> **WHAT TO DO**:
Setting aside any pictures, reproduce the data exactly.

> **GIVEN ENTRIES**:
-- Opening Marker --
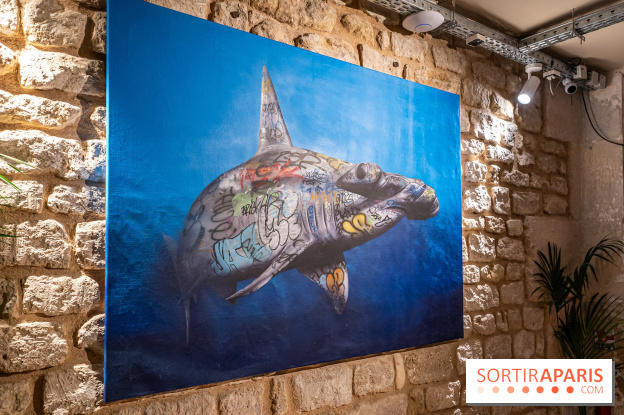 Exposition street-art Colors festival x Tracks 119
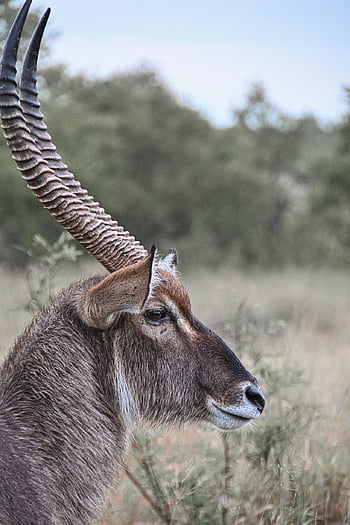 antelope, waterbuck, phone Wallpaper, mammal, outdoor, nature, african Wildlife, kruger National Park, wildlife, animal, portrait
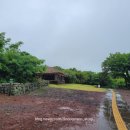 빽다방제주함덕점 이미지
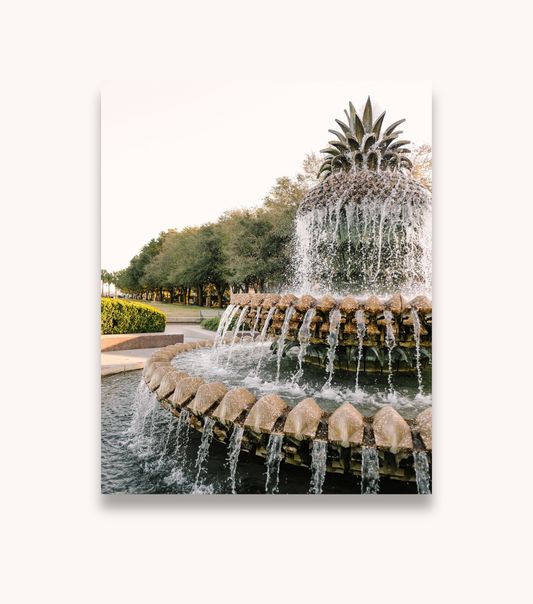 Charleston pineapple photography print inspired by historic Southern design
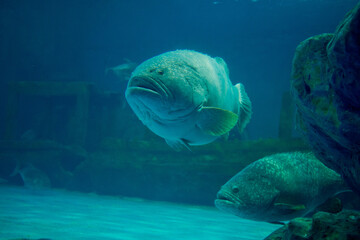 fish at a aquarium, Grouper
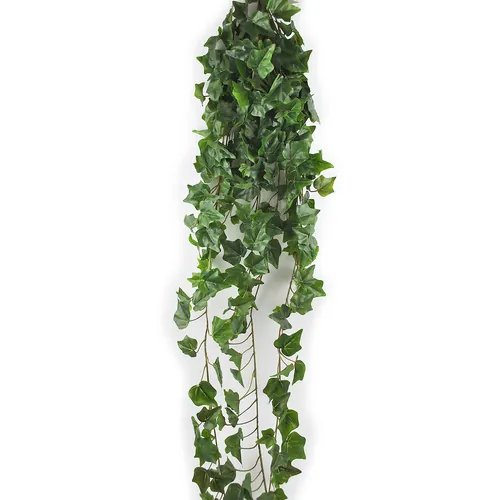Bršljan, 180 cm, Green Land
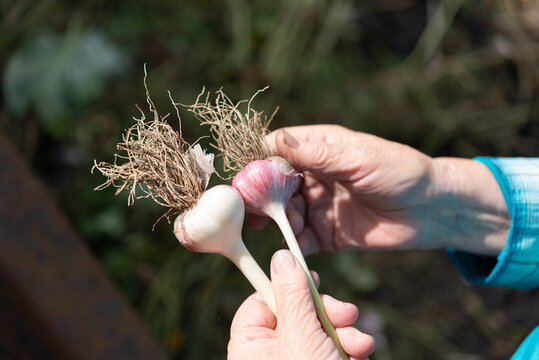 Rough hands holding two garlic heads after harvest, close up of fresh organic crop in natural outdoor setting, gardening and agriculture concept, healthy homegrown vegetables, seasonal farming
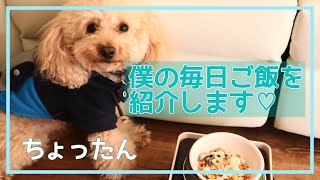 【管理栄養士】愛犬の毎日ご飯の作り方をご紹介【犬ご飯】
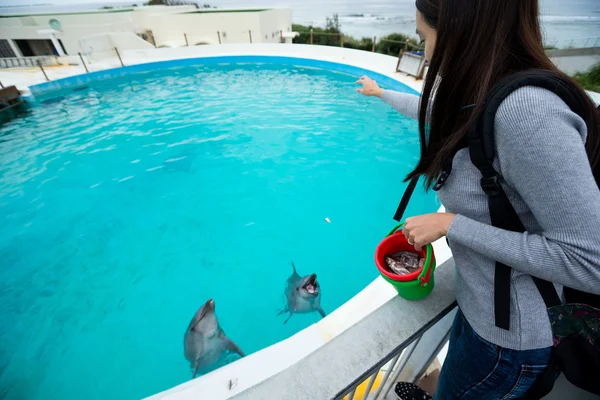 Mujer alimentación delfines en acuario — Foto de Stock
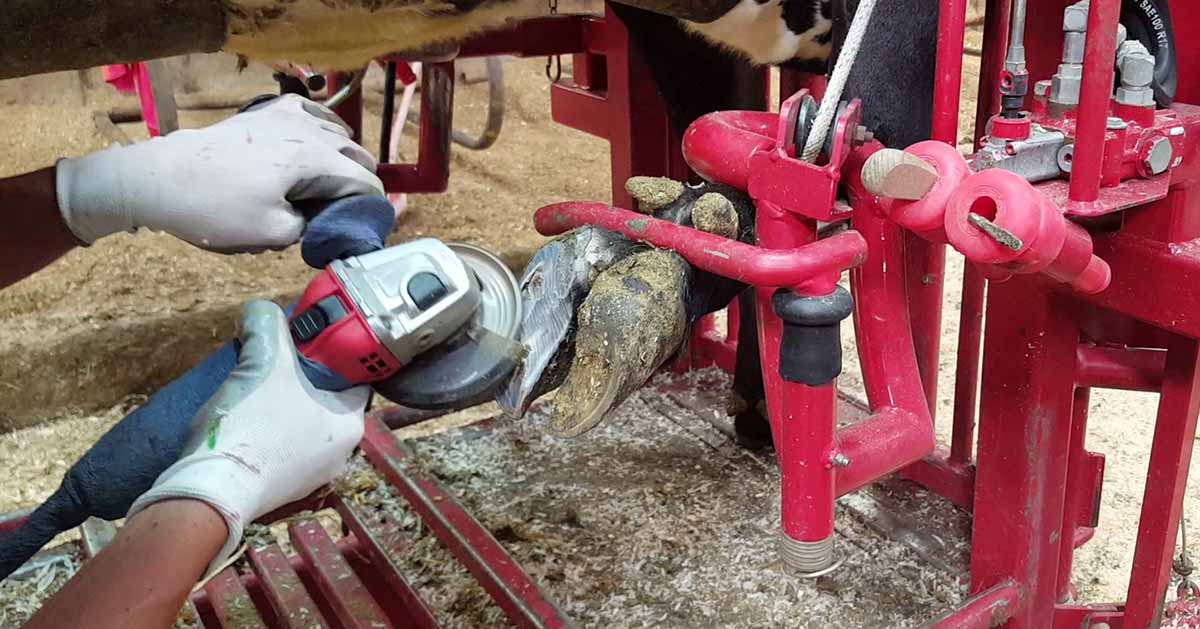 Hoof Trimming Frequency How Often Should I Trim My Cattle 3030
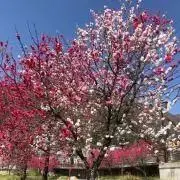 Bonoboの画像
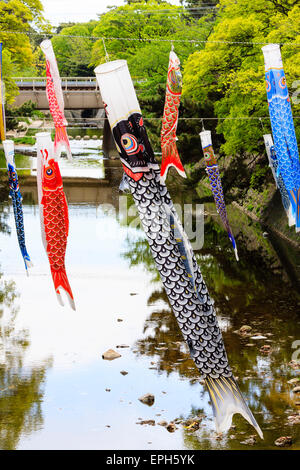 Koinobori Karpfenbanner, Windsocken, die über einem Fluss bei Kobe in Japan hängen. Geflogen, um Tango no sekku für den Kindertag zu feiern, Kodomo no Hi, am 5. Mai. Stockfoto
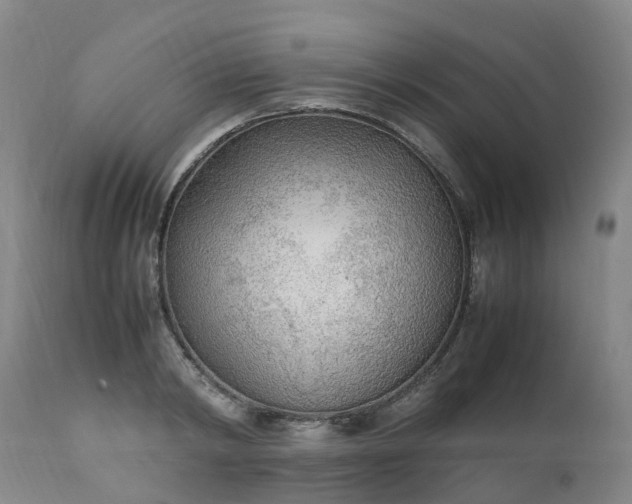 X0000111250798200907091422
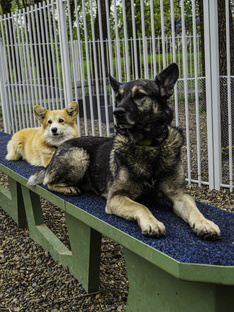 Оборудование "Собакин город"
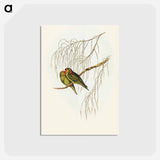 アートポストカード-Little Lorikeet
 - オーストラリアの鳥 Postcard.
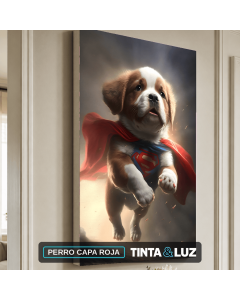 PERRO CAPA ROJA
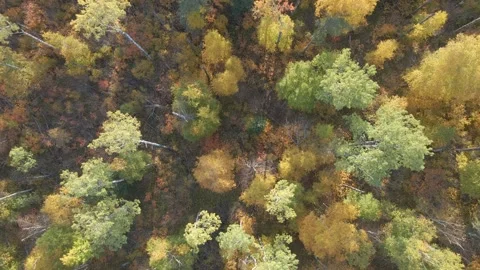 Aerial looking straight down on autumn colored mixed northern forest Stock Footage 291707754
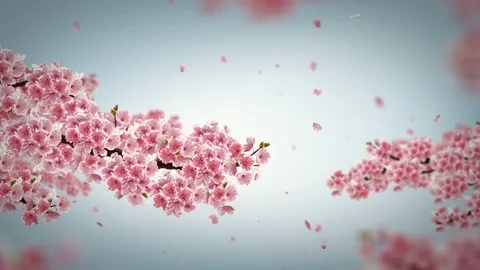 Cherry blossom background. Stock Footage 97695409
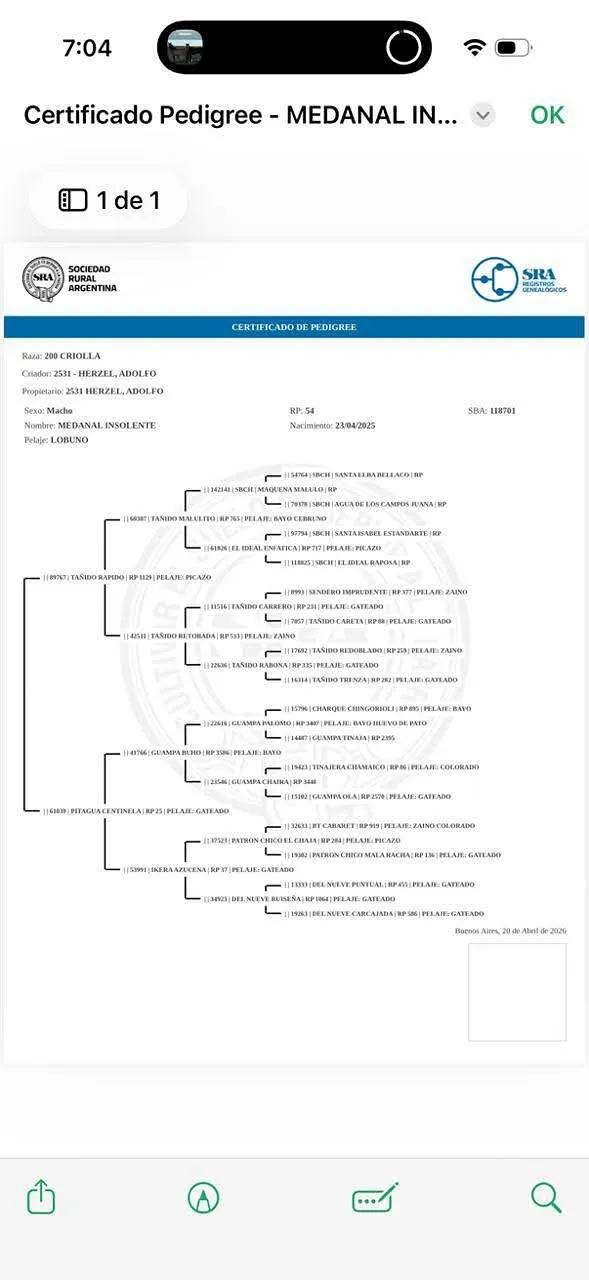 Medanal Insolente - Imagen 4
-- Closing Marker --
> **WRITTEN SOLUTION**:
 Exposition street-art Colors festival x Tracks 119
 antelope, waterbuck, phone Wallpaper, mammal, outdoor, nature, african Wildlife, kruger National Park, wildlife, animal, portrait
 빽다방제주함덕점 이미지
 Charleston pineapple photography print inspired by historic Southern design
 fish at a aquarium, Grouper
Bršljan, 180 cm, Green Land
 Rough hands holding two garlic heads after harvest, close up of fresh organic crop in natural outdoor setting, gardening and agriculture concept, healthy homegrown vegetables, seasonal farming
 【管理栄養士】愛犬の毎日ご飯の作り方をご紹介【犬ご飯】
 Mujer alimentación delfines en acuario — Foto de Stock
 Hoof Trimming Frequency How Often Should I Trim My Cattle 3030
 Bonoboの画像
 Koinobori Karpfenbanner, Windsocken, die über einem Fluss bei Kobe in Japan hängen. Geflogen, um Tango no sekku für den Kindertag zu feiern, Kodomo no Hi, am 5. Mai. Stockfoto
 X0000111250798200907091422
 Оборудование "Собакин город"
 アートポストカード-Little Lorikeet
 - オーストラリアの鳥 Postcard.
 PERRO CAPA ROJA
 Aerial looking straight down on autumn colored mixed northern forest Stock Footage 291707754
 Cherry blossom background. Stock Footage 97695409
 Medanal Insolente - Imagen 4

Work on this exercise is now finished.